Prokuratura uważa, że był związek między apelem Kociołka z 16 grudnia a późniejszą tragedią. Sąd uznał, że nie ma na to dowodów. – Nie da się wykazać, że działania Stanisława Kociołka w grudniu 1970 r., w tym jego przemówienie telewizyjne, przyczyniły się do tragedii – ocenił sąd, przyznając, że w świadomości społecznej utrwaliło się przekonanie, że robotnicy poszli do pracy 17 grudnia na skutek jego apelu.

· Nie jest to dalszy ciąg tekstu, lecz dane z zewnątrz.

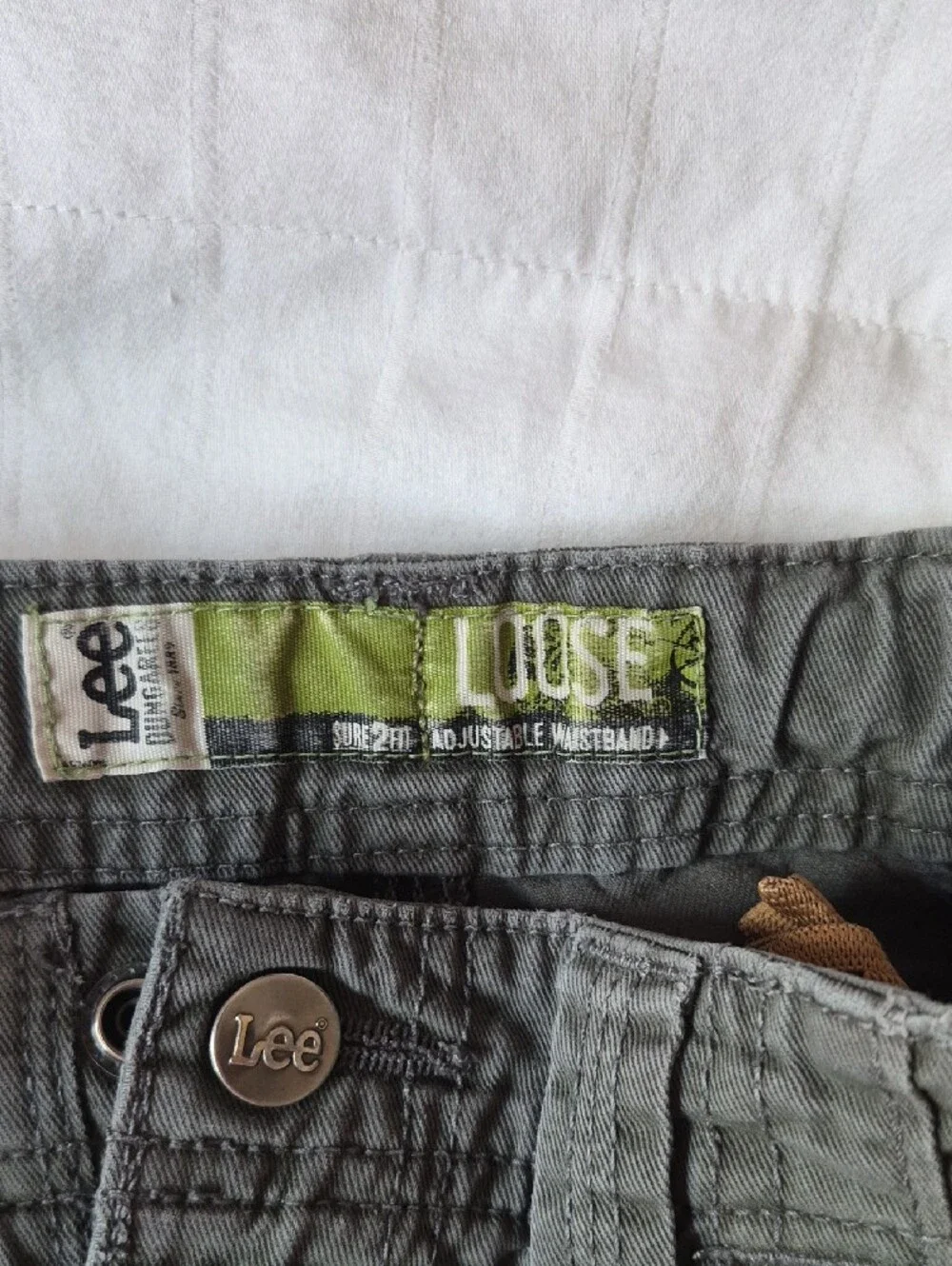 Lee rugged cargo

Według sądu przemówienie nie miało nakłonić robotników do przyjścia do pracy, ale do jej podjęcia. Ponadto brak dowodów na to, że Kociołek wiedział o blokadzie stoczni.
Protesty na Wybrzeżu wybuchły, gdy rząd ogłosił drastyczne podwyżki cen artykułów spożywczych. Według oficjalnych danych na ulicach Gdańska, Gdyni, Szczecina i Elbląga od strzałów milicji i wojska zginęło 45 osób, a 1165 zostało rannych. Najbardziej tragiczny był gdyński „czarny czwartek”. Gdy 17 grudnia rano stoczniowcy szli do pracy, zostali ostrzelani. Zginęło 18 osób, w tym Zbyszek Godlewski, symbol masakry i bohater słynnej „Ballady o Janku Wiśniewskim”.
Prokurator Bogdan Szegda uważa, że wyrok jest wewnętrznie sprzeczny i zapowiedział apelację. – Inna była sentencja wyroku, inne uzasadnienie. Sąd unikał oceny dowodów, które przedstawiłem, jeśli chodzi o udział w wydarzeniach Grudnia ’70 Stanisława Kociołka – mówił.